WORK TO COMPLETE>
Up to and including the line that holds "Hello, this is", print the data exactly from its first line; do not print the pictures.

======== COLLECTED DATA ========

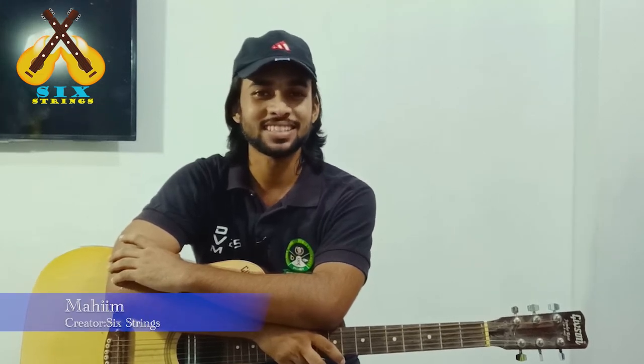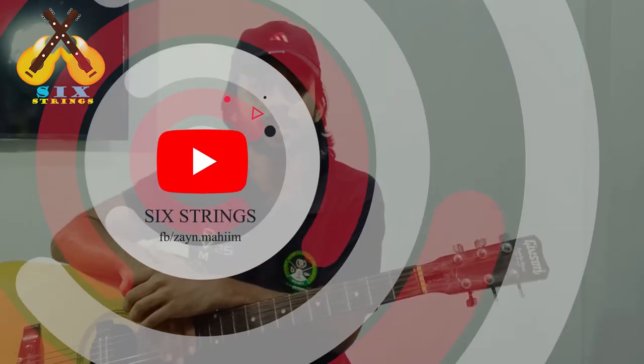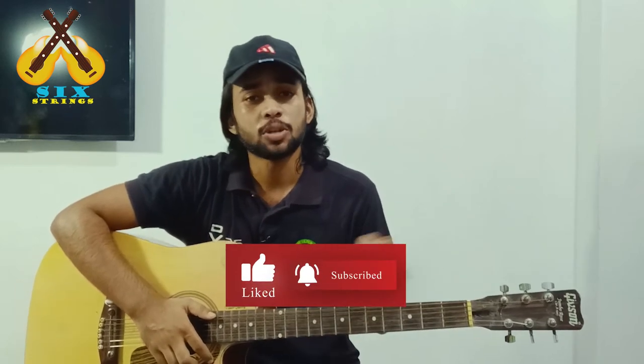Assalamualaikum. Thank you very much for joining and welcome back to Six Trains. Let's get into it.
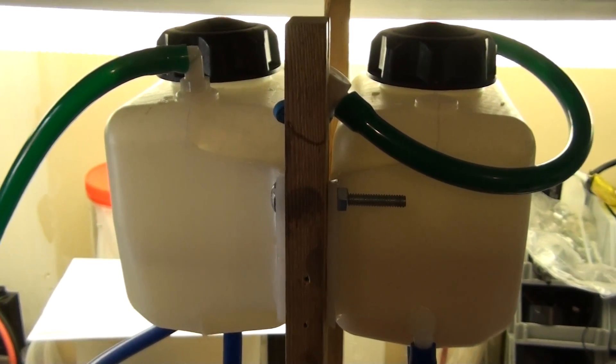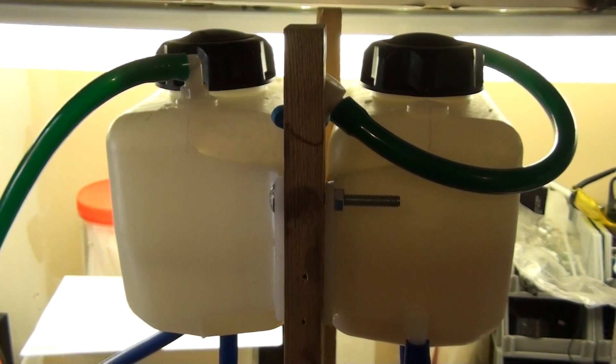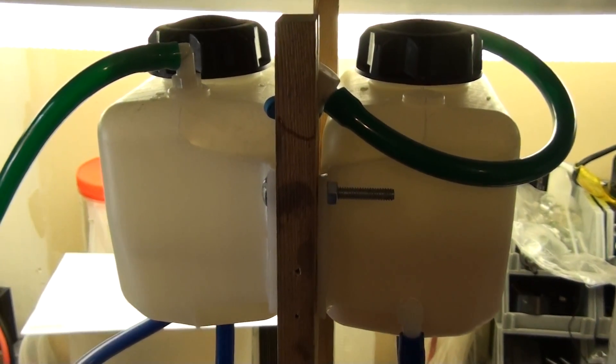Hello, this is Steve at GreenFuelH2O.com. I wanted to give everyone an update on the separator cell I've been working hard on.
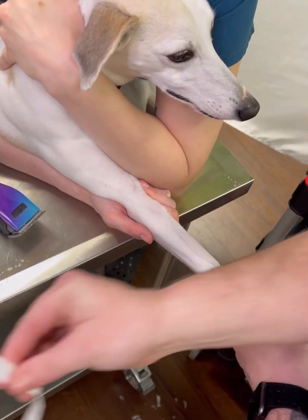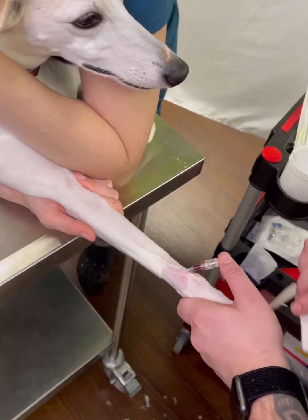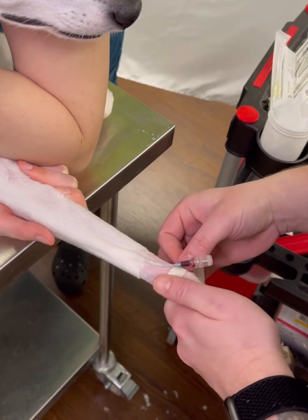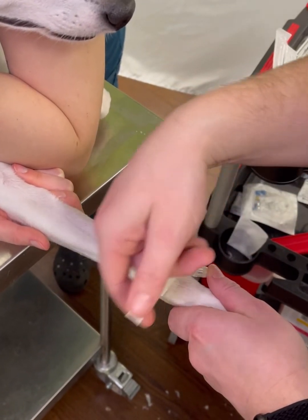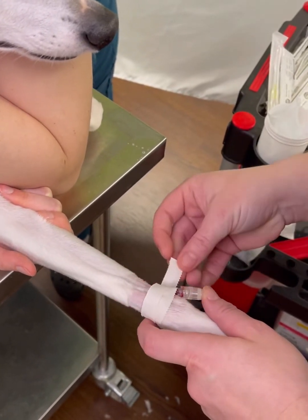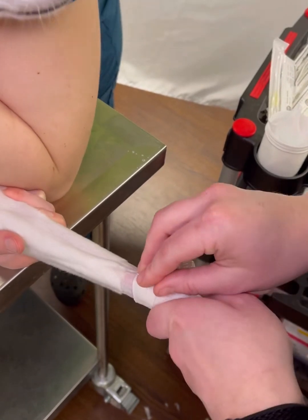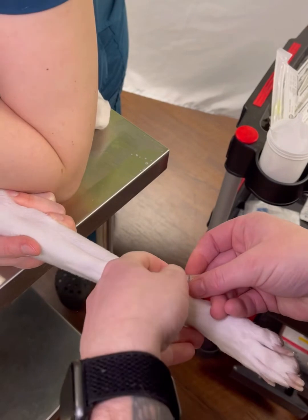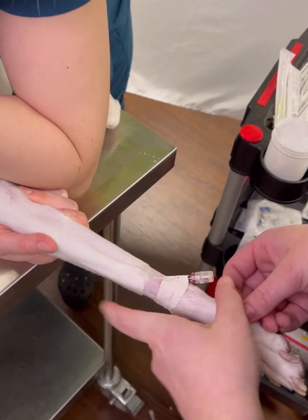You're going to grab your first piece of tape, which is going to be a skinny piece. You're going to place your tape sticky side up under the catheter, fold it to one side, stick it to itself, and then tape it around the catheter, making sure to always tab your tape on each piece. I'm going to tighten my cap after every piece of tape, just to be sure it's on.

========

EXERCISE OUTPUT>
Assalamualaikum. Thank you very much for joining and welcome back to Six Trains. Let's get into it.
Hello, this is Steve at GreenFuelH2O.com. I wanted to give everyone an update on the separator cell I've been working hard on.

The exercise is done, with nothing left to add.